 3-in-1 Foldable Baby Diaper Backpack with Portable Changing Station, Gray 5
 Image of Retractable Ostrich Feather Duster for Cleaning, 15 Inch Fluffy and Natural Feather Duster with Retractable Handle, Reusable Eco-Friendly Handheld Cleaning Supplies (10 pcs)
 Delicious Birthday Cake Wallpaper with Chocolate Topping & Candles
---
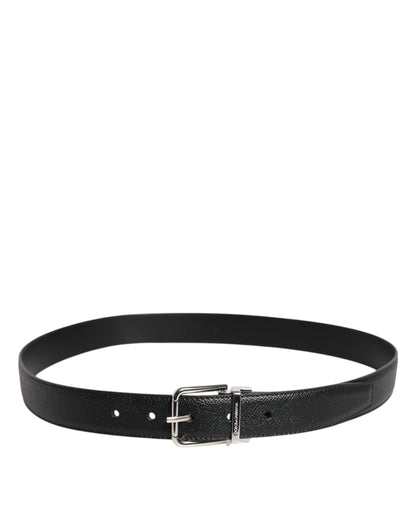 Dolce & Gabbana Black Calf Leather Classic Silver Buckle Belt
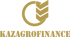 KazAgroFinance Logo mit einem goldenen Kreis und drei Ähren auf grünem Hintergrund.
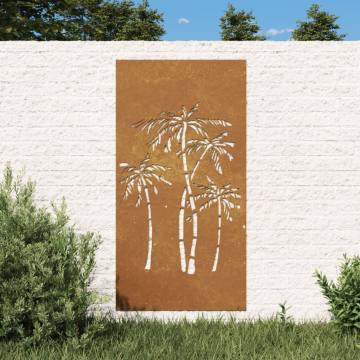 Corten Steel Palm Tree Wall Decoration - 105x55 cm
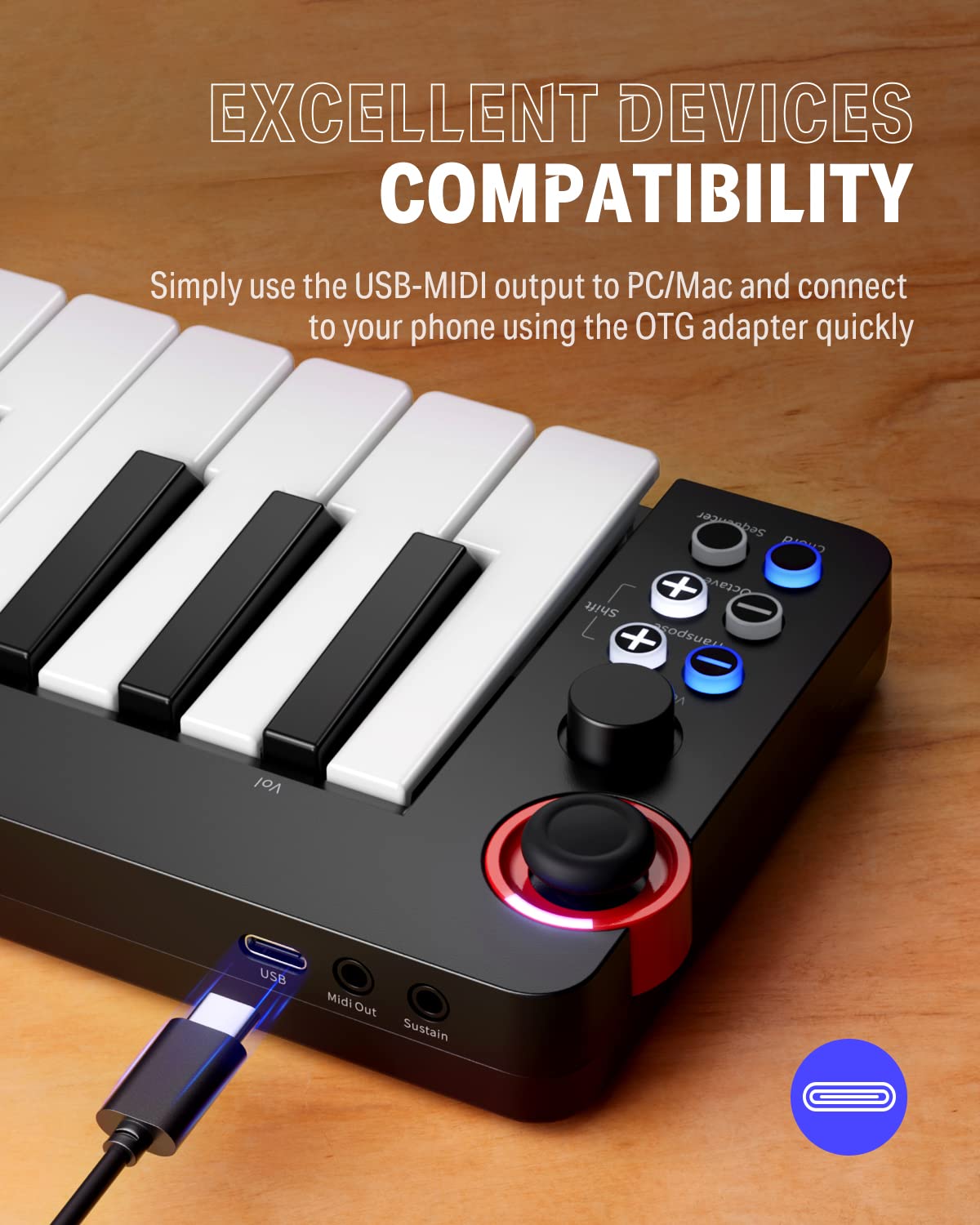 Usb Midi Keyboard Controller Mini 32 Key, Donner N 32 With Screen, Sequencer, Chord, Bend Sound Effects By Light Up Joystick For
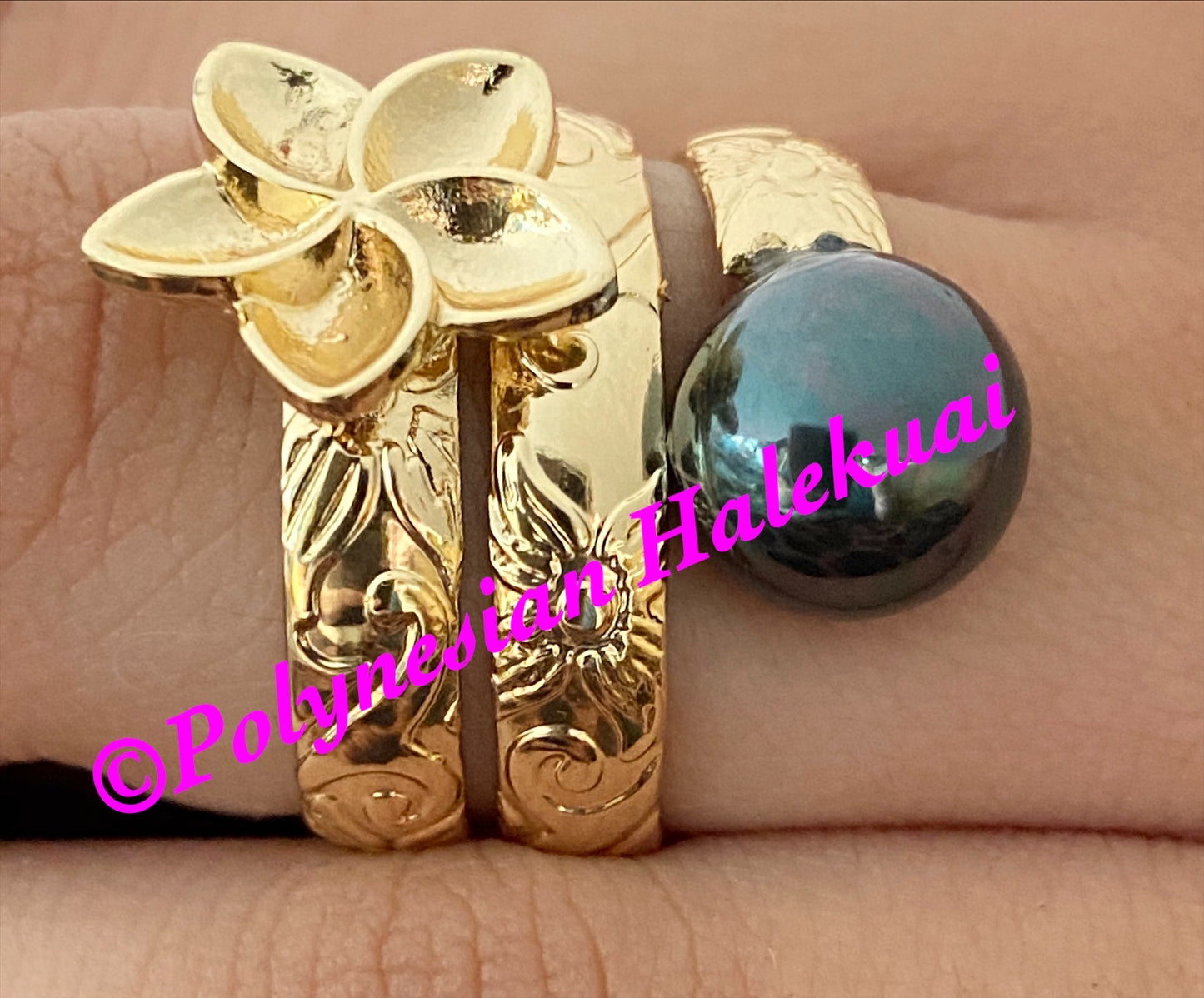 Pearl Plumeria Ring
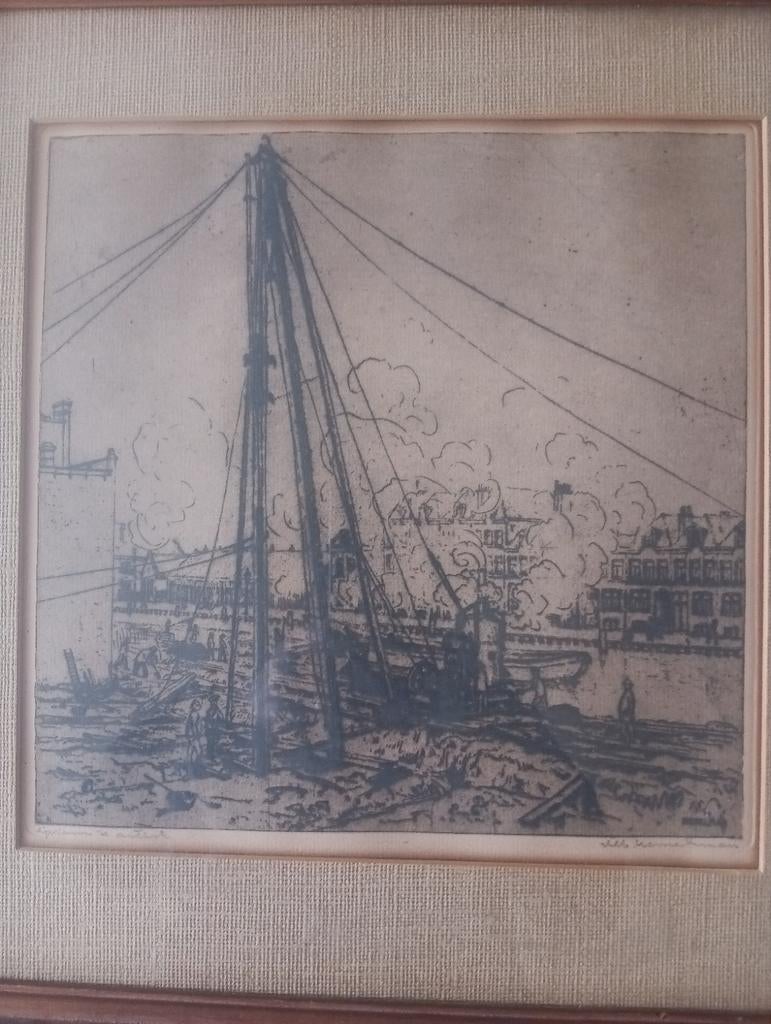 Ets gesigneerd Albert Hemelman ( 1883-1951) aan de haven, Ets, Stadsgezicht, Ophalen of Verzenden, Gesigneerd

**Goal of the exercise:** Go back to the lines above and output, exactly as they stand, the ones from the line containing "Pearl Plumeria Ring" to the line containing "Ets gesigneerd Albert". Leave all pictures behind.

**Finished exercise:**
 Pearl Plumeria Ring
 Ets gesigneerd Albert Hemelman ( 1883-1951) aan de haven, Ets, Stadsgezicht, Ophalen of Verzenden, Gesigneerd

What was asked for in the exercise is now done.